[[ Supplied records, beginning ]]

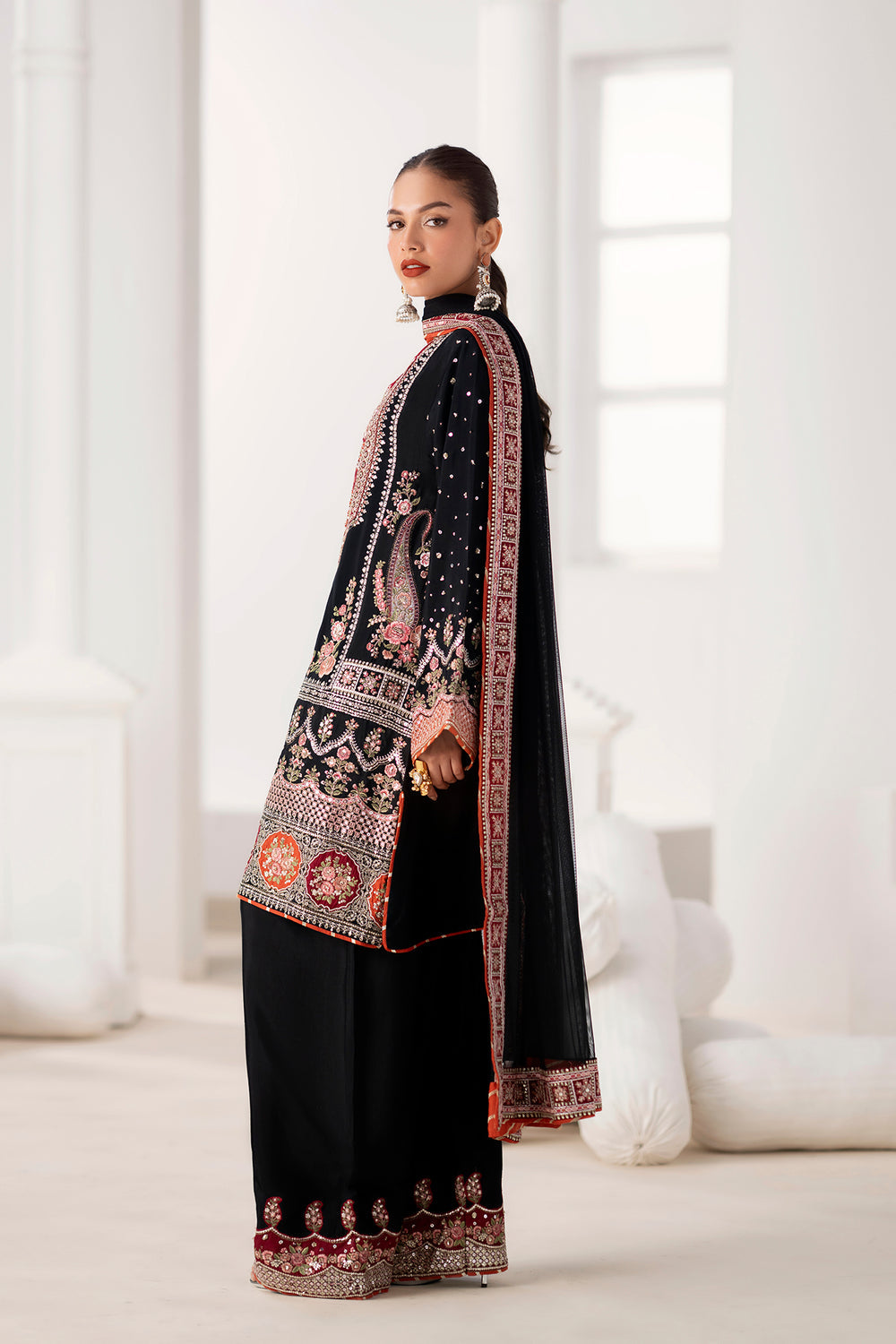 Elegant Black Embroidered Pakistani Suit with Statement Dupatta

[[ Supplied records, end ]]
[[ Supplied records, beginning ]]

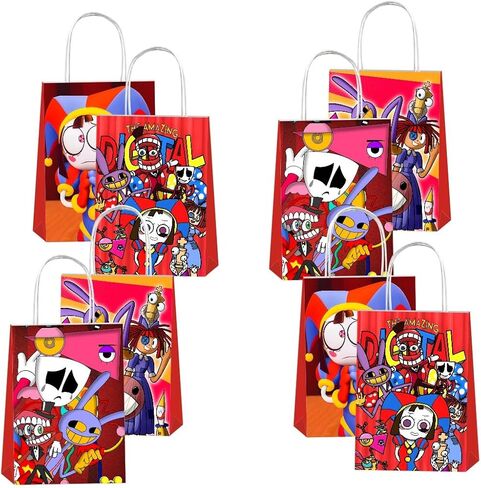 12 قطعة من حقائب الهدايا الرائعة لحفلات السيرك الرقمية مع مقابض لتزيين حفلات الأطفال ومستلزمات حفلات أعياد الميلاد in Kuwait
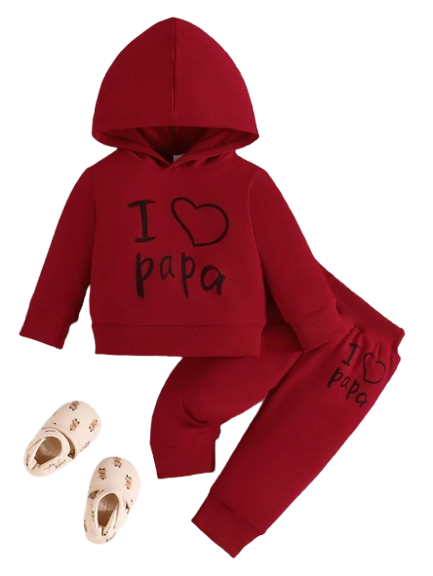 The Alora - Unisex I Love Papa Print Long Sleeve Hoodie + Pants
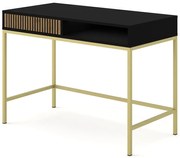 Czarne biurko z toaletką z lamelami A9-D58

[[ Supplied records, end ]]

I'd like the lines above repeated exactly, from the one that contains "The Alora - Unisex" through the one that contains "Czarne biurko z toaletką z lamelami A9-D58", with no pictures.

### Exercise output
 The Alora - Unisex I Love Papa Print Long Sleeve Hoodie + Pants
 Czarne biurko z toaletką z lamelami A9-D58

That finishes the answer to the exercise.